Rough was formerly associated with Tea Party of Michiana Action Coalition, commonly known as Tea Mac.

Rough said he grew tired of what he believed was too much emphasis on extremist views that came out of Tea Mac activities. Discussions of whether President Barack Obama was legitimately elected and issues tied to the John Birch Society are two of the examples he said that seem to take away from Tea Mac’s overall objectives.

He also pointed to what he considers to be conspiracy theorists that the group seems to consider.

“Tea Mac has become hopelessly involved with kooks,” Rough said. “You generally get the notion that Tea Mac has become its own rogue group.”

Suzy Chilberg, a co-founder of Tea Mac, acknowledges that the group is open to discussion on a range of issues.

The group’s Facebook page had a link about a book arguing that Obama does not meet the constitutional requirements to hold office. Another post by Chilberg refers to U.S. Sen. Richard Lugar as a socialist.

She said Obama’s citizenship is a legitimate issue because his father was born in Kenya.

She said they make it a point not to censor people when debating issues.

“There have been some heated discussions that have gone on,” Chilberg said. “If (Rough) has a problem with that, I can’t help that.”

A common cause?

Rough’s yet-to-be-named group would mark the fourth Tea Party organization in Elkhart County, a fact that begs the question: As the movement matures, are local organizers splintering their efforts or expanding their base?
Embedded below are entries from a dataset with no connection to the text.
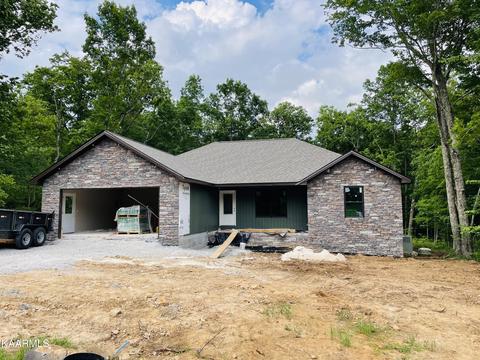 211 Westchester Dr, Crossville, TN 38558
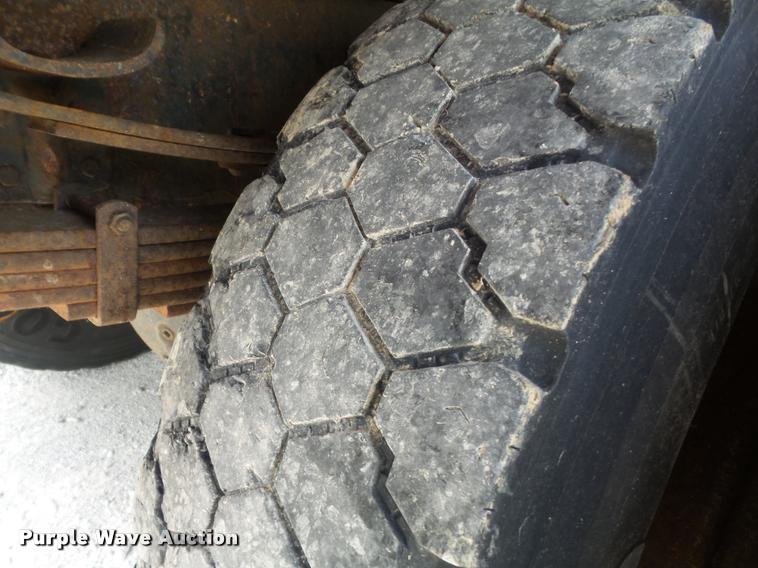 image for item K7641 2000 International 4900 Crew Cab dump truck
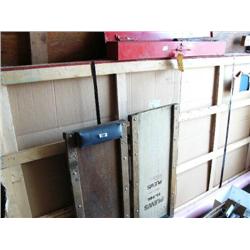 18 Sheets Wall board, 1 Large Ratchet with Breaker bar, Roll of Fiber enforced Plastic, 2 Floor Cree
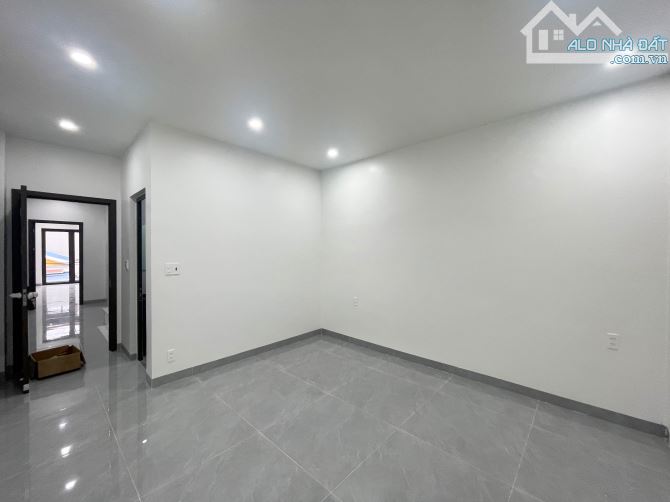 Nhà 4 tầng thang máy khu TĐC tuyến 2 Ngô Gia Tự - 77m2 - Vỉa hè 7m - 4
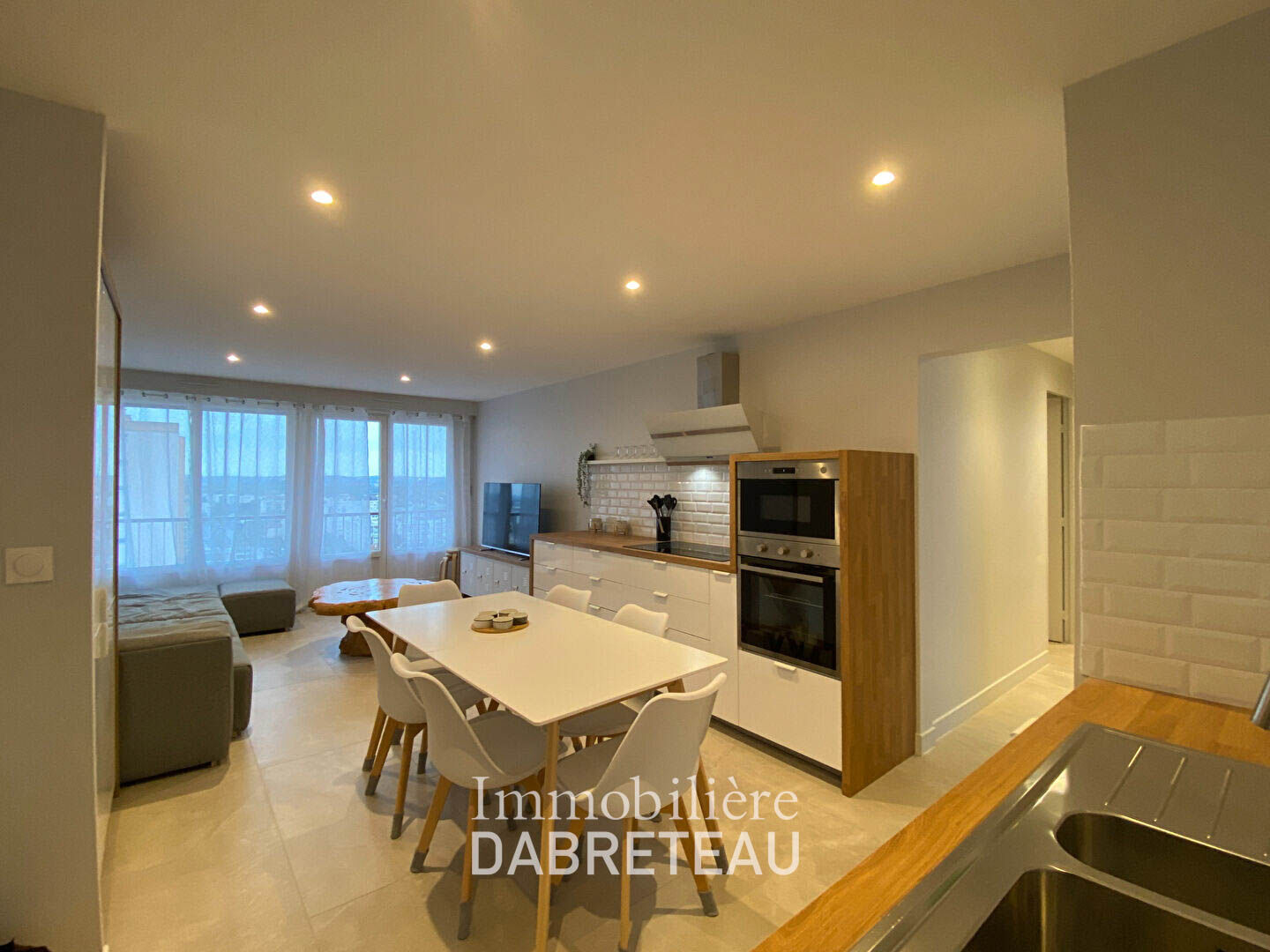 Agence immobilière de LIMOUZI TRANSACTION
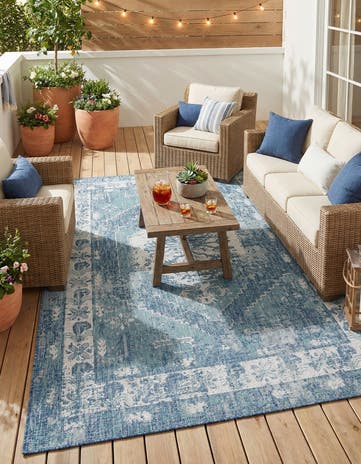 7' x 10' Easy-Clean Traditional Indoor / Outdoor Rug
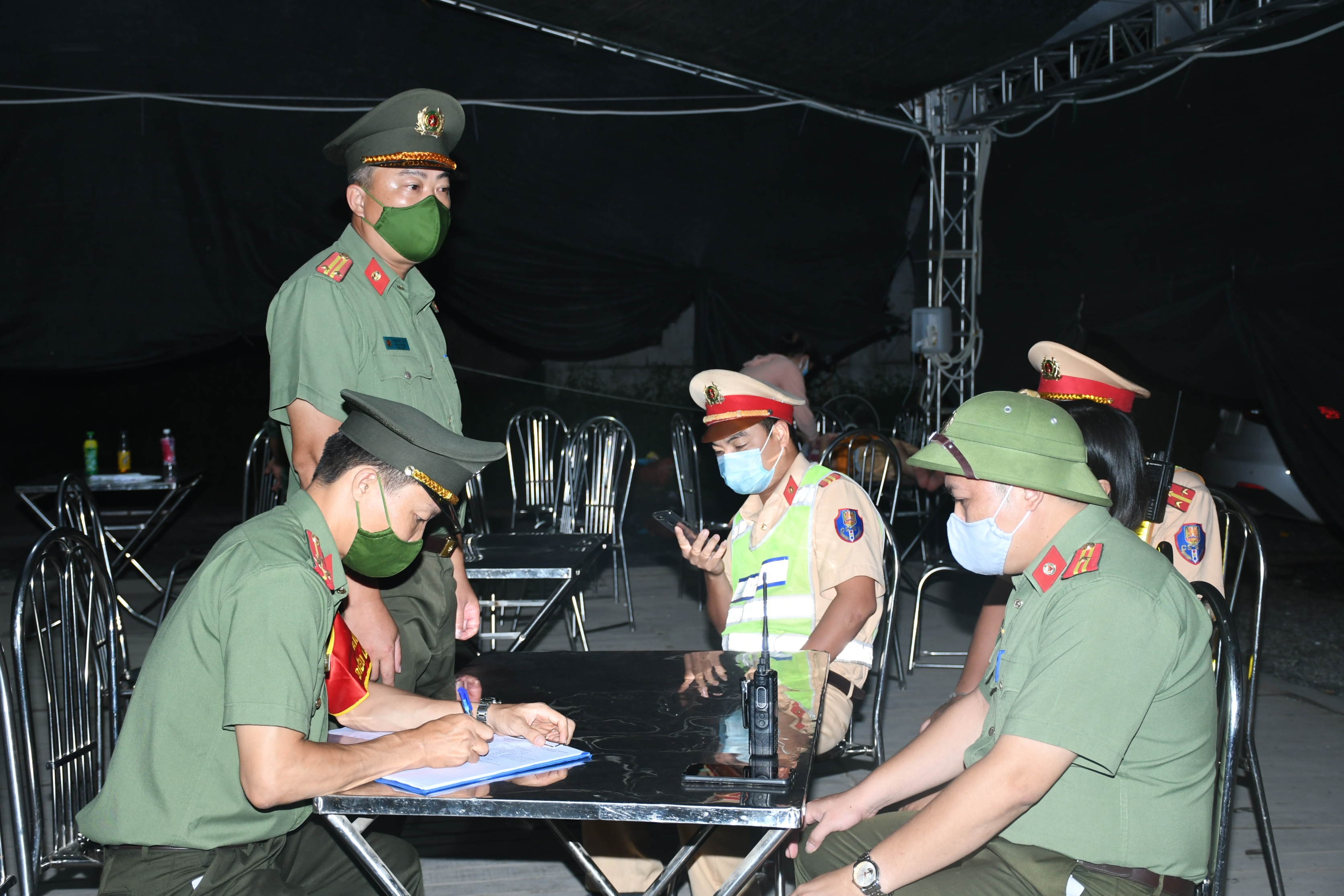 Kiểm tra, đôn đốc việc chấp hành điều lệnh Công an nhân dân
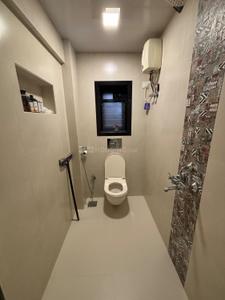 Bathroom Image of 915 Sq.ft 2 BHK Apartment / Flat for sale in Mulund West Mumbai for Rs. 15000000
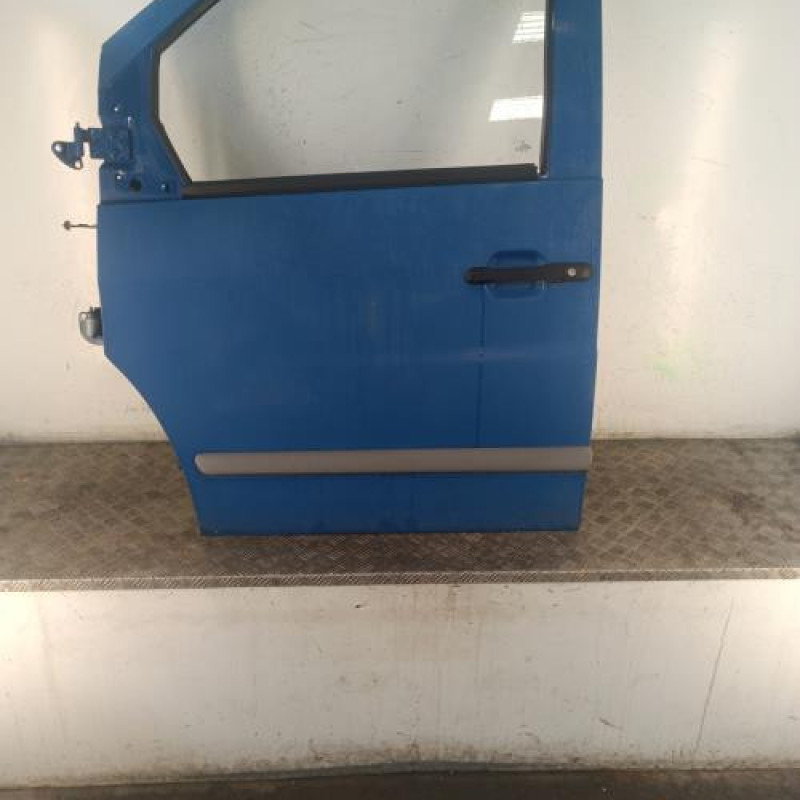 Porte avant gauche MERCEDES VITO 638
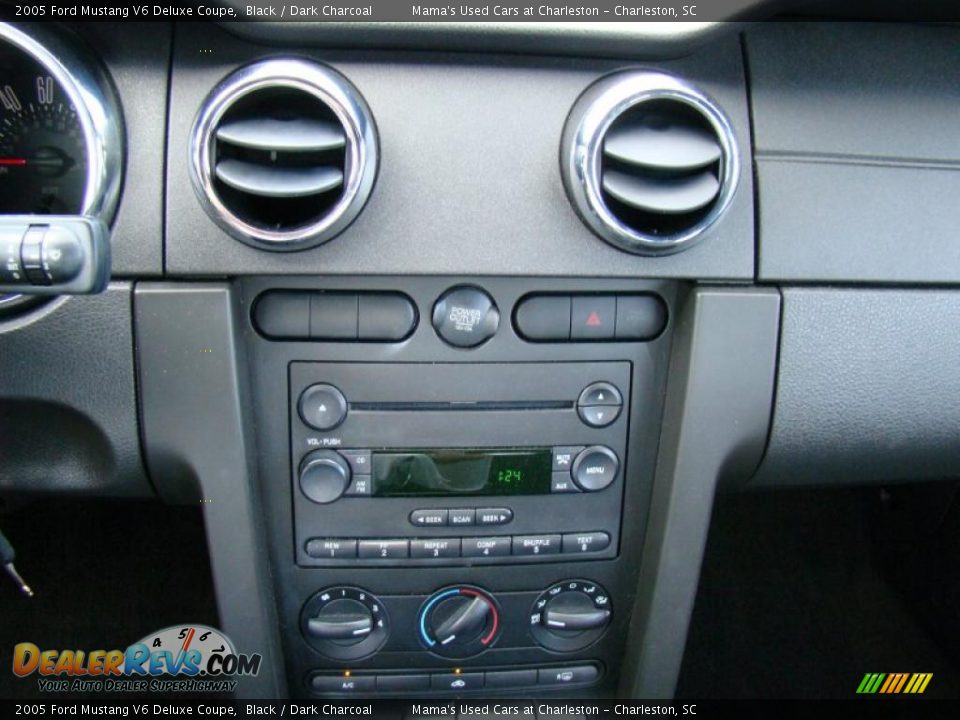 2005 Ford Mustang V6 Deluxe Coupe Black / Dark Charcoal Photo #16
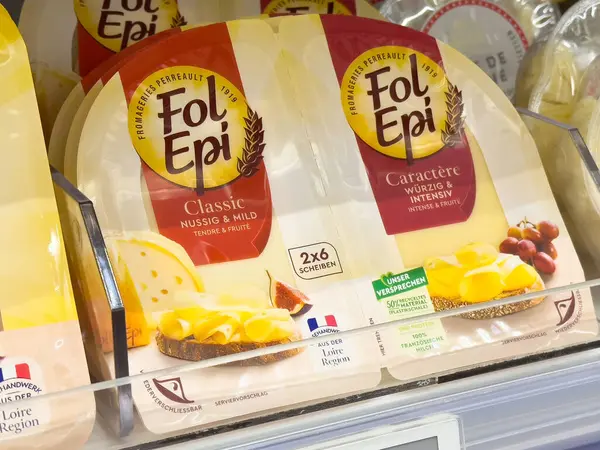 Markette çeşitli peynir dilimleri lezzet çeşitliliğiyle ambalaj görüntüsü.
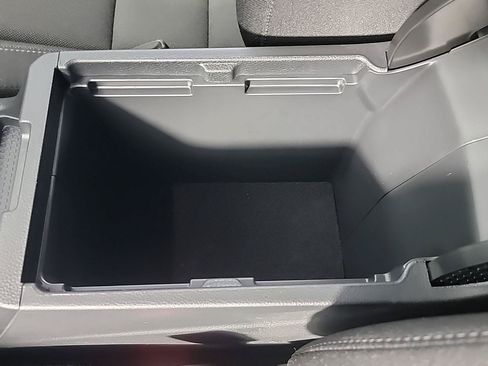 Certified 2025 Honda CR-V EX image 34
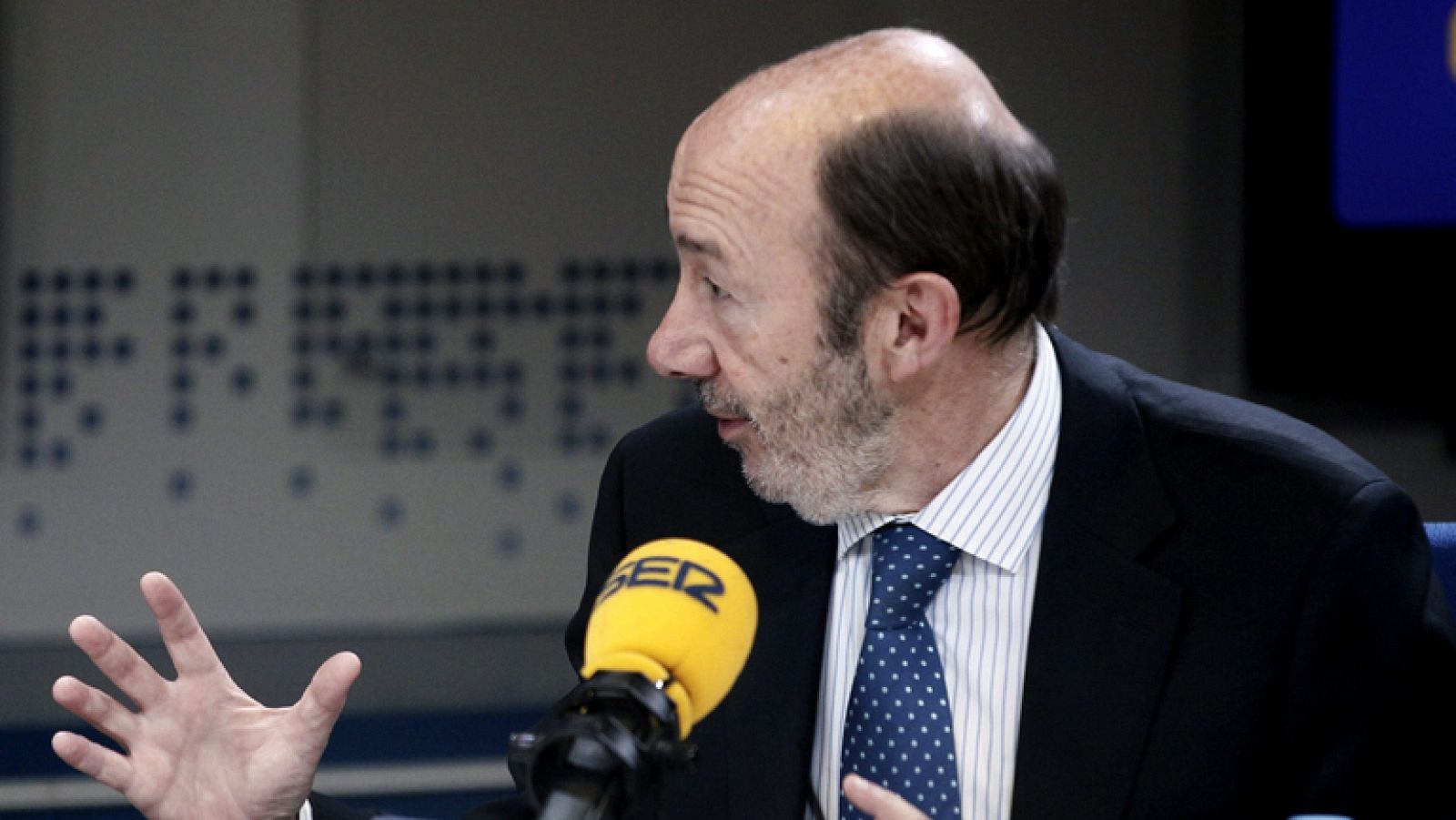 Rubalcaba sostiene que a él le eligió un Congreso del PSOE "democrático y  autónomo" y le dio un mandato - Informativo 24h | Ver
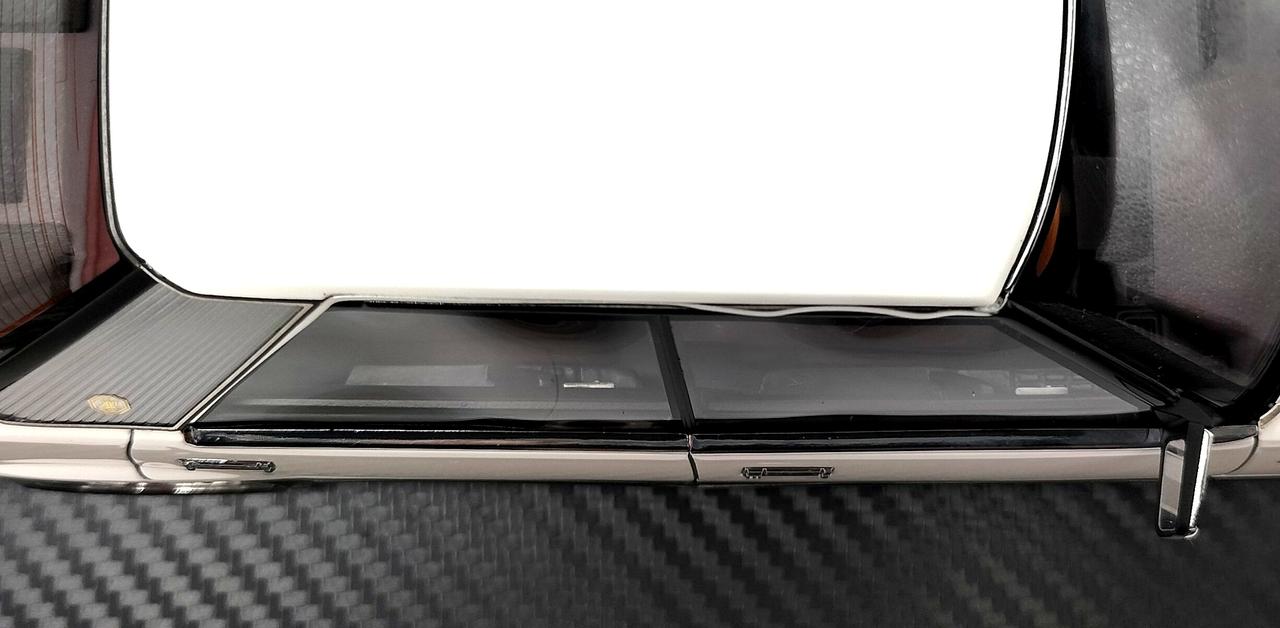 窓ガラス部分に歪みあり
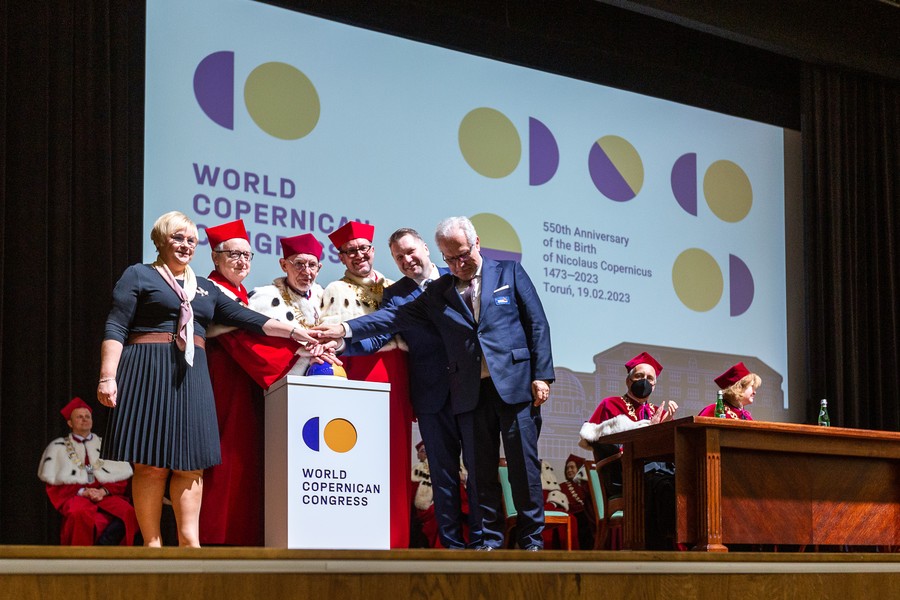 Otwarcie Światowego Kongresu Kopernikańskiego, fot. Szymon Zdziebło/tarantoga dla UMWKP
Chilberg said having different groups with varying emphasis on educating the public, advocating certain candidates and becoming involved in elections helps the overall goal.

She pointed out that numerous people are involved with more than one group.

“I think if we have these divergent points of view and yet we can still come together on specific things,” Chilberg said, “that’s the strength of the Tea Party movement.”

Bob Moore, a leader of the Elkhart County Patriots, downplayed Rough’s concerns with Tea Mac and described the existing groups as “allies in the same cause.”

Conservative blogger Danny Turkette, of Fort Wayne, tracks Tea Party activities in northern Indiana and has chronicled some of Tea Mac’s happenings, including a feud with leaders of Kosciusko Silent No More.

Turkette said he believes Tea Mac has lost a significant number of supporters.

The fact that three or four groups in Elkhart County are active is a good sign, but he adds, “If they were all working together, it probably would be even better.”

Rough’s initial news release invites “conservatives, independents, and disaffected democrats” to the first meeting 7 p.m. Thursday at the Maple City Chapel on Lincolnway East in Goshen.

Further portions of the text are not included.